Former head coach Jody Conradt remembers that Brown wasn't necessarily a gifted shooter, but she was a gifted scorer - tenacious and aggressive.
"She was pretty much unstoppable with the ball in her hands," Conradt said.
How about unstoppable, period?
Brown remains the only player in school history to lead the Longhorns in scoring, rebounding, assists and steals in the same year - and she did that as a junior and senior.
Ranking seventh nationally in scoring as a senior with 21.2 points a game, Brown also earned the prestigious Margaret Wade Trophy, which is presented annually to the nation's top player. The honor underscores Brown's versatility, and her leadership.
She brought recognition to a team that was unheralded. She championed a squad that was doubted. Brown averaged 22 points and 11 rebounds in the 2000 Big 12 Tournament, when the Longhorns became the lowest-seeded team in the history of the event to advance to the finals.
"I was just doing what was fun to me, and what was natural, and what I needed to do to get my team a win," Brown recalls.
Brown treated every basketball court she stepped on as a Longhorn like it was her own personal playground. She dove and slid, jumped and skipped. That, after all, is how Brown's love affair with basketball started when she was just eight years old.
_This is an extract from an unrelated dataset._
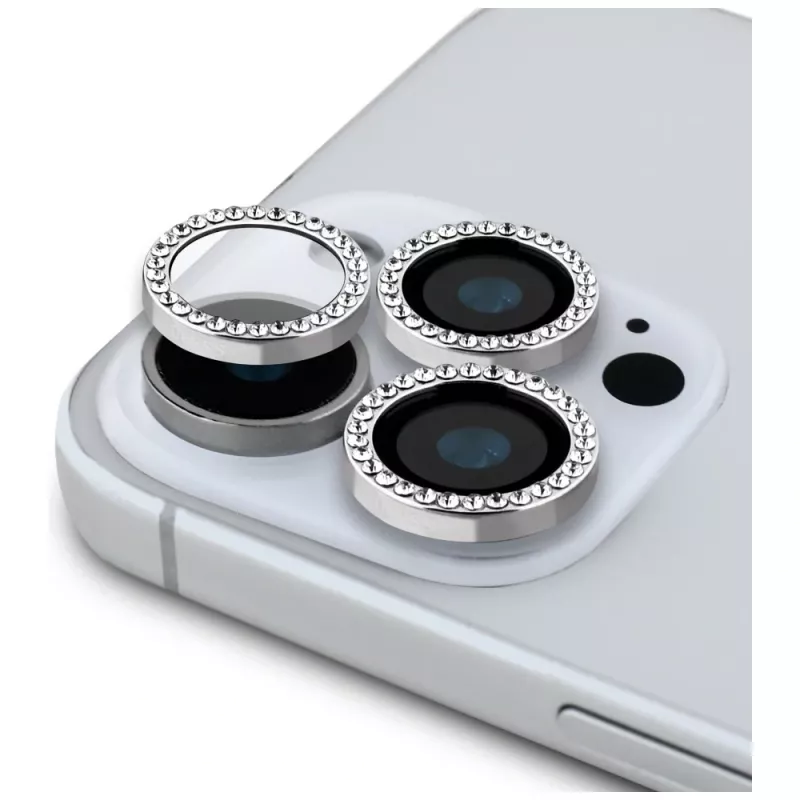 Guess BP Rhinestone 2-in-1 Screen and Camera Lens Protector Set για Apple iPhone 16 Pro Max - Ασημί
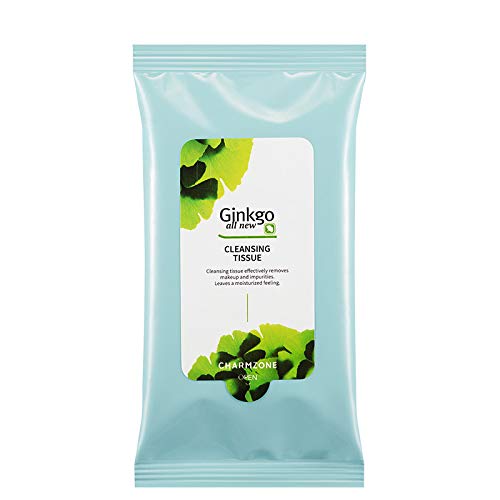CHARMZONE Gingko All New Cleansing Water Essence Tissue Makeup Remover Wipe Moisturizing Facial Towelette Daily Use (Pack of 10)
First she was just making racket, dribbling the ball all around the house, much to the delighted annoyance of her grandmother, Dorothy Brown. Soon enough, Edwina ventured outside, and whenever someone started looking for her, Dorothy knew where to find her.
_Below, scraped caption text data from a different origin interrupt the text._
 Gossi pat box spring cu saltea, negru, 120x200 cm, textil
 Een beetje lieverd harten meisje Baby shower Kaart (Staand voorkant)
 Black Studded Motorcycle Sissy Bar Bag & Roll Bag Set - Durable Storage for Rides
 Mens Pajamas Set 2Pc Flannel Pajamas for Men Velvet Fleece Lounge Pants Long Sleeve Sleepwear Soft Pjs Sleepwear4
"Always over on the playground," Dorothy remembers, "playing with the boys."
And, Dorothy quickly points out, "She could whoop them, too."
As a high school player in nearby Lockhart, Texas, Edwina drew national attention from college recruiters, but she followed her heart to the Forty Acres.
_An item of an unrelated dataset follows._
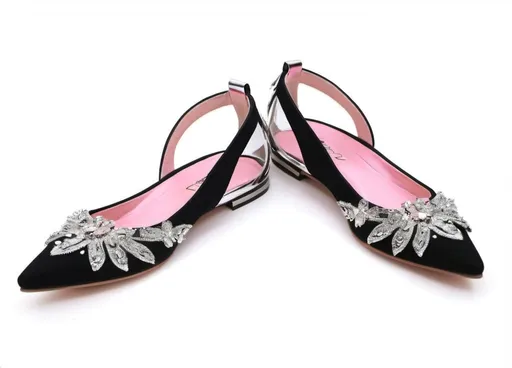 Prompt: luxury (pointy toe flat shoe), elegant design, vibrant pink, shimmering silver accents, high fashion, modern and chic aesthetics, polished finish, soft texture, stylish silhouette, fashion statement piece, ultra-detailed, captivating glow, refined elegance, suitable for upscale events.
It didn't take long for the player everyone called Winkie to endear herself to the Longhorns' faithful. She was a two-time All-American, a first-team All-Big 12 selection, and of course, in her last season, the best player in America.
If one game can embody a career, perhaps it was Edwina's effort on Jan. 23, 2000, when the unranked Longhorns hosted No. 5 North Carolina State at the Frank Erwin Center. Rallying behind her, UT scrapped and clawed for an 81-77 upset victory.
With her ever-present grace and overwhelming athleticism, Edwina led the Longhorns with 25 points. Conradt remembers that it felt like a lot more -- probably because Edwina also totaled 12 rebounds, seven assists and four steals.
In the spring of 2000, Edwina was drafted by Detroit with the third overall pick in the WNBA Draft. She played with the Shock and Phoenix Mercury during her five-year WNBA career, and has spent the last five years playing professionally overseas in Austria, Lebanon and, most recently, Israel.
Brown is also pursuing her passion of giving back to the community and recently founded the non-profit foundation, MAP'D Out (Mentoring Athletes and Providing Dreams). Raised by her mother and grandmother in Lockhart, TX, Brown realizes the importance of an inspirational mentor and started MAP'D Out to lend a helping hand to youth in the community who exemplify sportsmanship, integrity and the desire to "map out" their future goals.
Still, Edwina always returns home to Austin, and spends her offseasons training at Cooley Pavilion.
"That's the thing about The University of Texas -- when you put your time in, they love you. You are one of theirs," she says. "It's like one big family. Ever since I left, I've always come back. Even after you leave, you'll always be part of the family."